Il n’est pas rare de trouver des anarchistes qui nient la morale. Tout d’abord, ce n’est qu’une simple façon de parler pour établir que du point de vue théorique, ils n’admettent pas une morale absolue, éternelle et immuable. Dans la pratique, ils se révoltent contre la morale bourgeoise, qui justifie l’exploitation des masses et sanctionne tous les actes qui lèsent ou menacent les intérêts des privilégiés. Puis, peu à peu, comme il arrive dans bien des cas, ils prennent la rhétorique pour l’expression exacte de la vérité. Ils oublient que, dans la morale courante, à côté des règles inculquées par les prêtres et les patrons pour assurer leur domination, il en existe d’autres qui forment même la partie la plus importante, sans laquelle toute coexistence sociale serait impossible. Ils oublient que se révolter contre toute règle imposée par la force ne veut nullement dire renoncer à toute retenue morale et à tout sentiment d’obligation envers les autres. Ils oublient que pour combattre raisonnablement une morale, il faut lui opposer, en théorie et en pratique, une morale supérieure. Et ils finissent quelquefois, leur tempérament et les circonstances aidant, par devenir « immoraux » dans le sens absolu du mot, c’est-à-dire des hommes sans règles de conduite, sans critères pour guider leurs actions, qui cèdent passivement à l’impulsion du moment.
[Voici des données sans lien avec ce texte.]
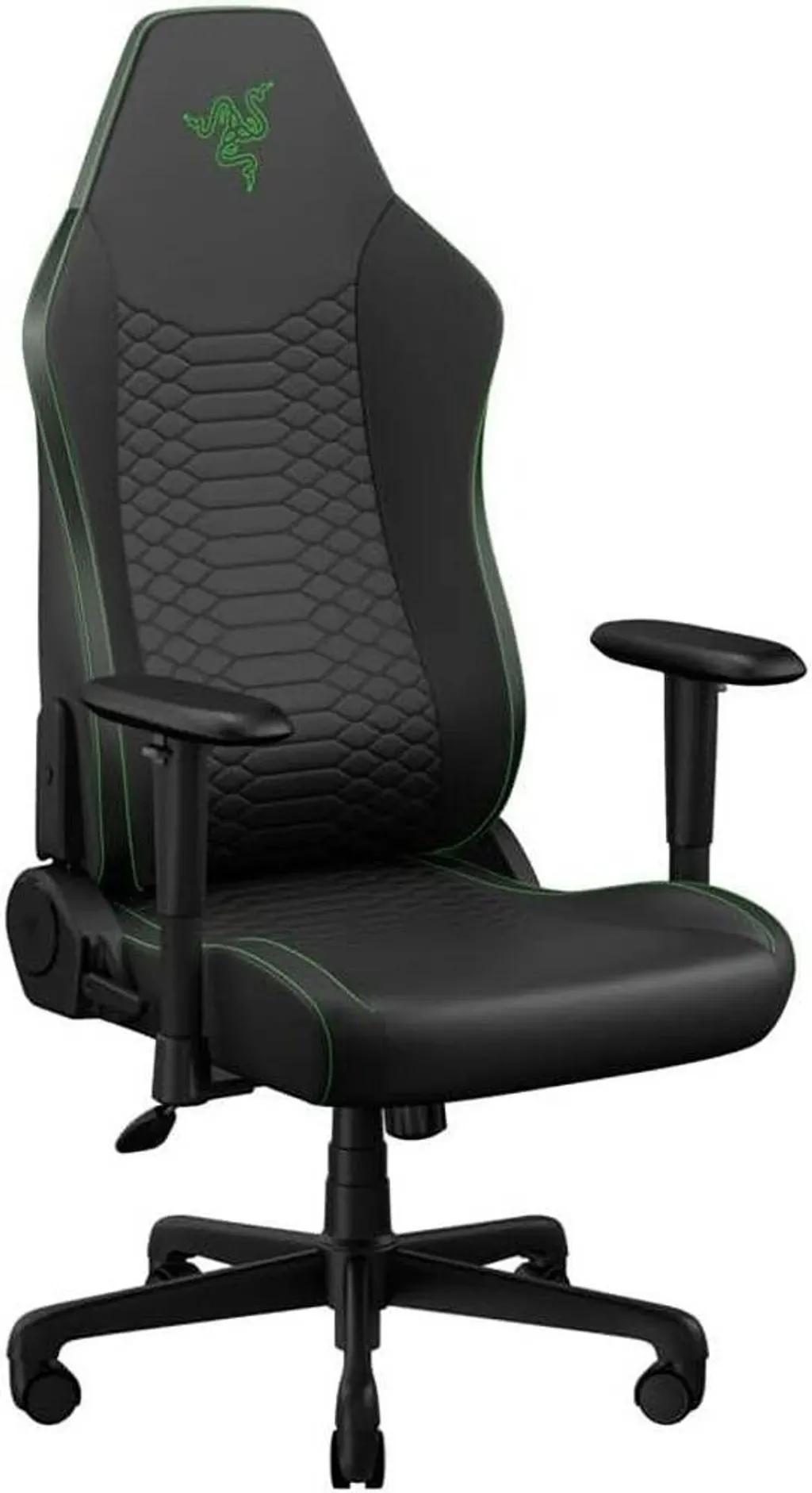 RAZERIskurV2XNewGenGreenBlack-ErgonomicGamingChair-EPULeatherCooltouch-LumbarSupport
Aujourd’hui, ils se privent de pain pour secourir un camarade ; demain, ils tueront un homme pour aller au lupanar !
La morale est la règle de conduite que chaque homme considère comme bonne. On peut trouver mauvaise la morale dominante de telle époque, tel pays ou telle société, et nous trouvons en effet la morale bourgeoise plus que mauvaise. Mais on ne saurait concevoir une société sans une morale quelconque ni un homme conscient qui n’ait aucun critère pour juger de ce qui est bien et de ce qui est mal pour soi-même et les autres.
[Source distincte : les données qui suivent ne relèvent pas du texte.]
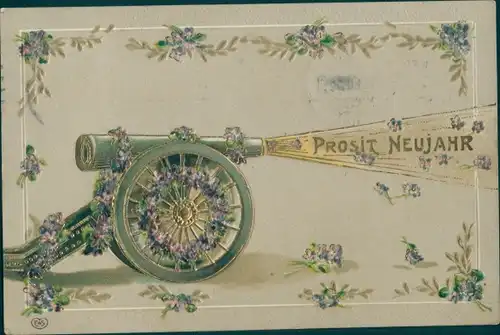 Präge Ak Glückwunsch Neujahr, Kanone, Veilchen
Lorsque nous combattons la société actuelle, nous opposons à la morale bourgeoise individualiste, à la morale de la lutte et de la concurrence, la morale de l’honneur et de la solidarité, et nous cherchons à établir des institutions qui correspondent à notre conception des rapports entre les hommes. S’il en était autrement, pourquoi ne trouverions-nous pas juste que les bourgeois exploitent le peuple ?
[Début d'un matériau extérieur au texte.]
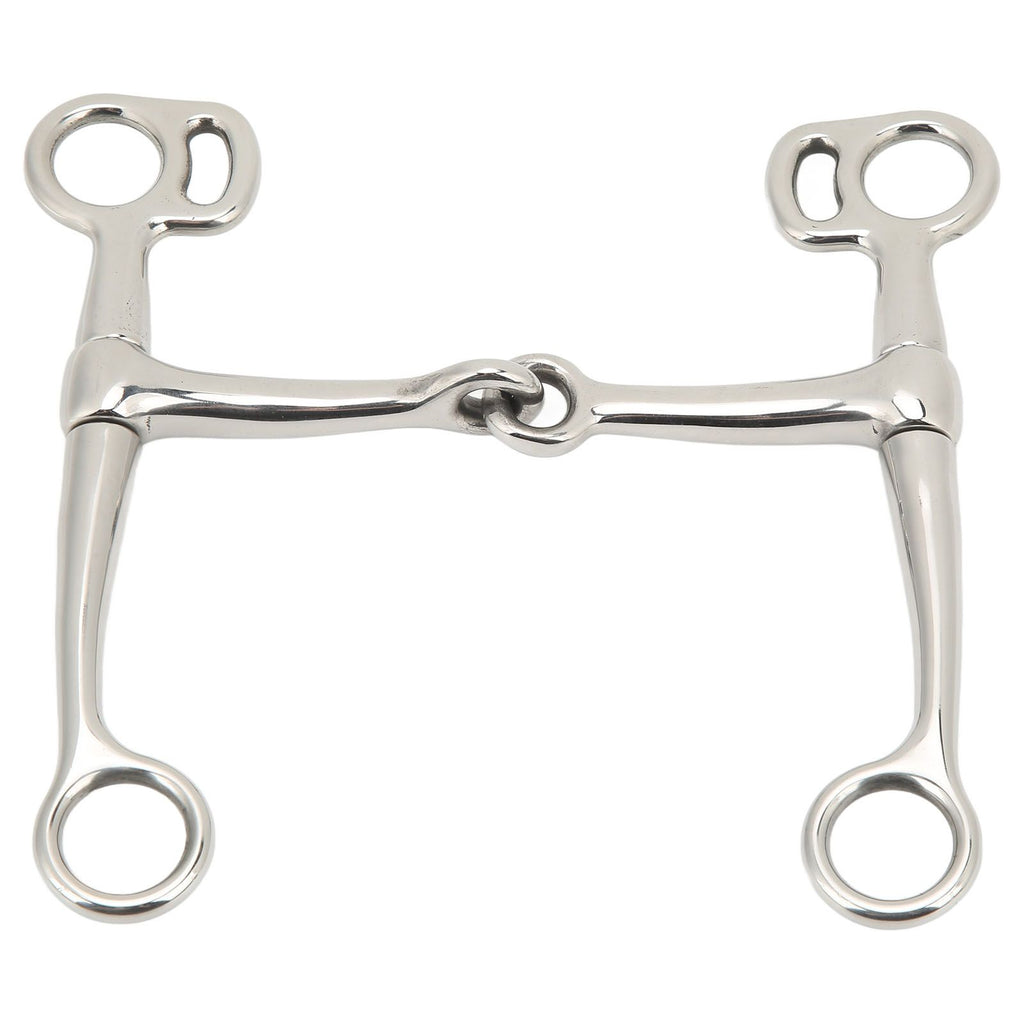 Horse Breaking Bit Stainless Steel 125mm Jointed Mouth Bit Equipment with Turn Cheek for Training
Une autre affirmation nuisible, sincère chez les uns, mais qui, pour d’autres, n’est qu’une excuse, c’est que le milieu social actuel ne permet pas d’être moral, et que, par conséquent, il est inutile de tenter des efforts destinés à rester sans succès. Le mieux, c’est de tirer des circonstances actuelles le plus possible de bénéfices pour soi sans se soucier du prochain, sauf à changer sa vie lorsque l’organisation sociale aura changé aussi. Évidemment, tout anarchiste, tout socialiste, comprend les fatalités économiques qui obligent aujourd’hui l’homme à lutter contre l’homme ; et il voit, en bon observateur, l’impuissance de la révolte personnelle contre la force prépondérante du milieu social. Mais il est également vrai que sans la révolte de l’individu, associé à d’autres révoltés pour résister au milieu et chercher à le transformer, ce milieu ne changerait jamais.
Nous sommes, tous sans exception, obligés de vivre plus ou moins en contradiction avec nos idées. Mais nous sommes socialistes et anarchistes précisément dans la mesure où nous souffrons de cette contradiction et que nous tâchons, autant que possible, de la rendre moins grande. Le jour où nous nous adapterions au milieu, nous n’aurions plus naturellement l’envie de le transformer et nous deviendrions de simples bourgeois ; bourgeois sans argent peut-être, mais non moins bourgeois dans les actes et les intentions. »
Errico Malatesta, in Le Réveil socialiste-anarchiste, 5 novembre 1904.